Last week, the research
community was struck with concern that “bots” were contaminating data
collection on Amazon’s Mechanical Turk (MTurk). We wrote about the issue
and conducted our own preliminary investigation into the problem using the
TurkPrime database. In this blog, we introduce two new tools TurkPrime is
launching to help researchers combat suspicious activity on MTurk and reiterate
some of the important takeaways from this conversation so far.
TurkPrime’s Tools to
Deal with Suspicious Activity
As we announced last
week, we’ve created two new tools to help researchers fight fraud in their data
collection:
1. Block Suspicious Geolocations
2. Block Duplicate Geolocations
The Block Suspicious
Geolocations tool is a Free Feature that allows researchers to block
submissions from a list of suspicious geolocations. In our investigation last
week, we identified several geolocations that were responsible for a majority
of duplicate submissions. Our Block Suspicious Geolocations tool will prevent
any MTurk Worker from submitting a HIT from these locations. As mentioned in
last week’s blog, once we removed these locations from our analyses, we saw the
rate of duplicate submissions from the same geolocation across studies this
summer fell to 1.7%—a number well within the range of what we’ve identified as
normal across the life of our platform.
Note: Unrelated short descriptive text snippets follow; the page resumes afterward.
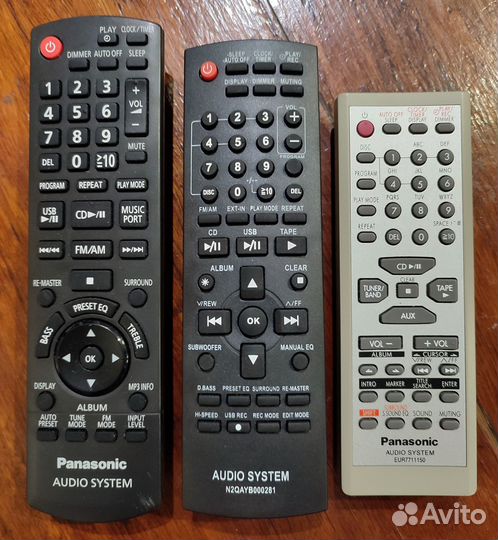 Пульты д/у Sony/Panasonic/LG/Philips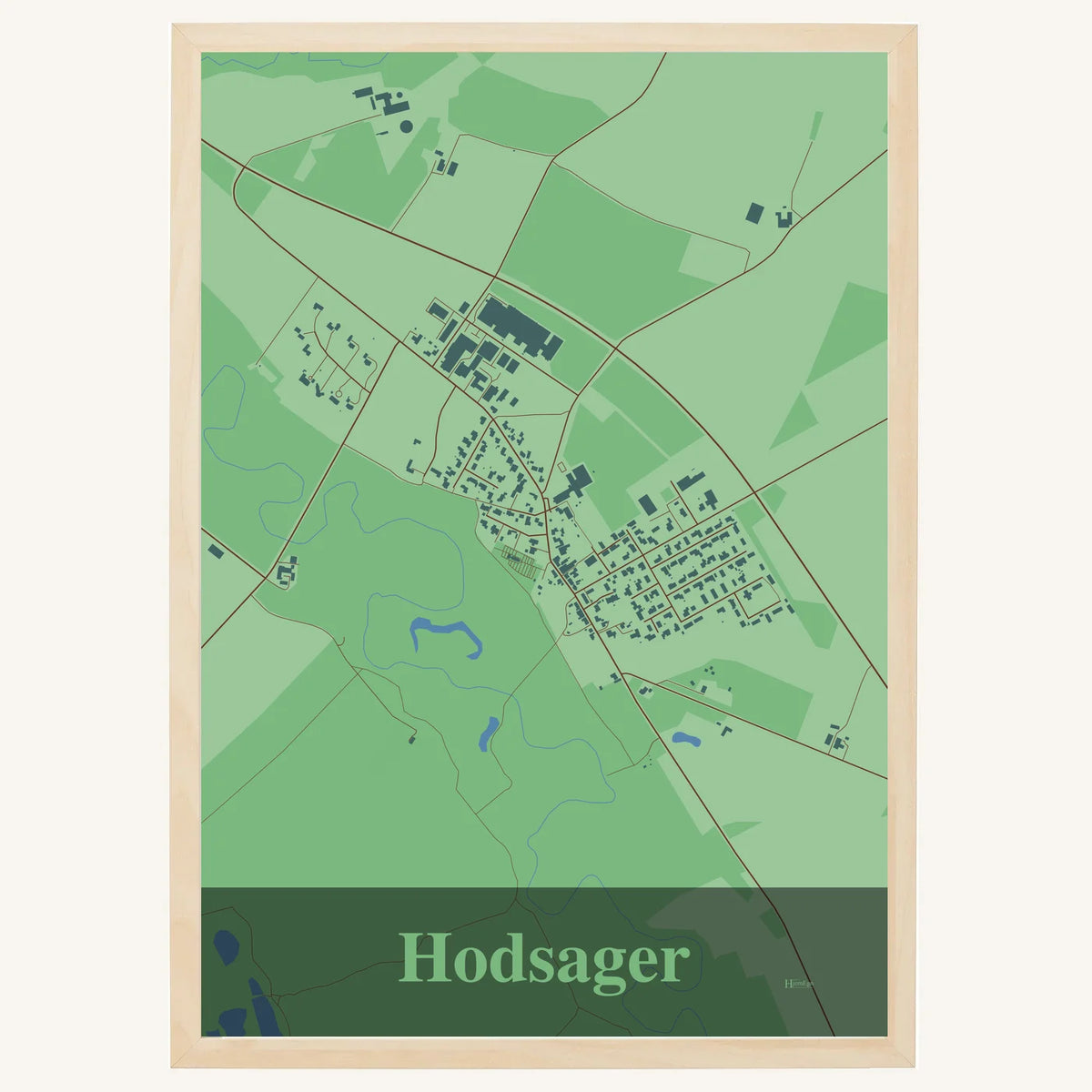 Hodsager plakat – Firkantet 2026 – Lys pastel grøn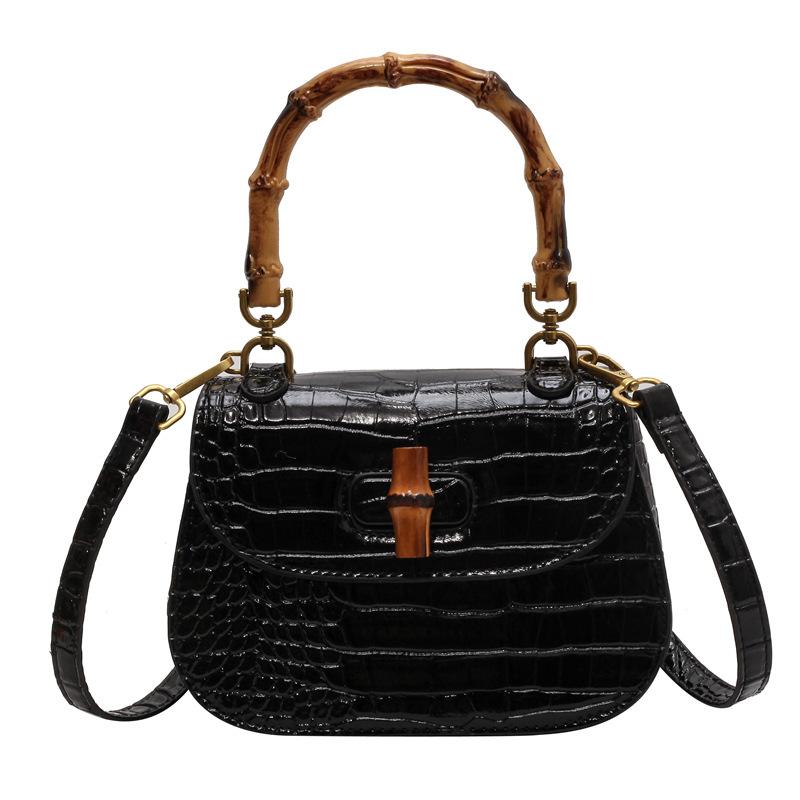 Bamboo bag women's new retro shoulder saddle bag premium texture niche simple messenger bag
The screenshot below shows our new
Block Suspicious Geolocations tool, found in Tab 6 “Worker Requirements” when
you design a study.
Our second tool, the Block
Duplicate Geolocations tool, is a Pro Feature that allows
researchers to block multiple submissions from any geolocation. The
Block Duplicate Geolocations tool casts a much wider net than the Block
Suspicious Geolocations tool and should ensure that responses collected in any
one survey come from a more distributed set of locations. By restricting the
number of submissions from each geolocation, researchers can be more confident
that the responses they collect are coming from unique participants. When using
this tool data collection may be a little slower, especially if the target
sample is concentrated in a small geographic area (e.g., one particular
state). The screenshot below shows our new Block Duplicate Geolocations Tool,
found in Tab 8 “Pro Features” when you design a study.
Moving Forward
Understanding what has
caused the recent increase in low quality responses on MTurk and the
corresponding increase in submissions from the same geolocation is a matter of
ongoing research. As we learn more details we will share them with the research
community and continue to develop tools that ensure the highest quality of
research data.
More immediately, we
have identified a list of worker IDs that have repeatedly been associated with
suspicious geolocations. In addition to the tools described above, we will
create an internal exclusion list based on the worker IDs of suspicious
accounts over the next several days. This exclusion list will create an
additional layer of protection on our system by blocking worker accounts that
have a high likelihood of being involved in fraud. We will write another blog
to provide more detail about this issue in the coming days. In the meantime,
however, researchers already have two powerful tools for eliminating fraud in
their data collection. These tools should increase researchers’ confidence that
they are obtaining genuine responses from unique workers.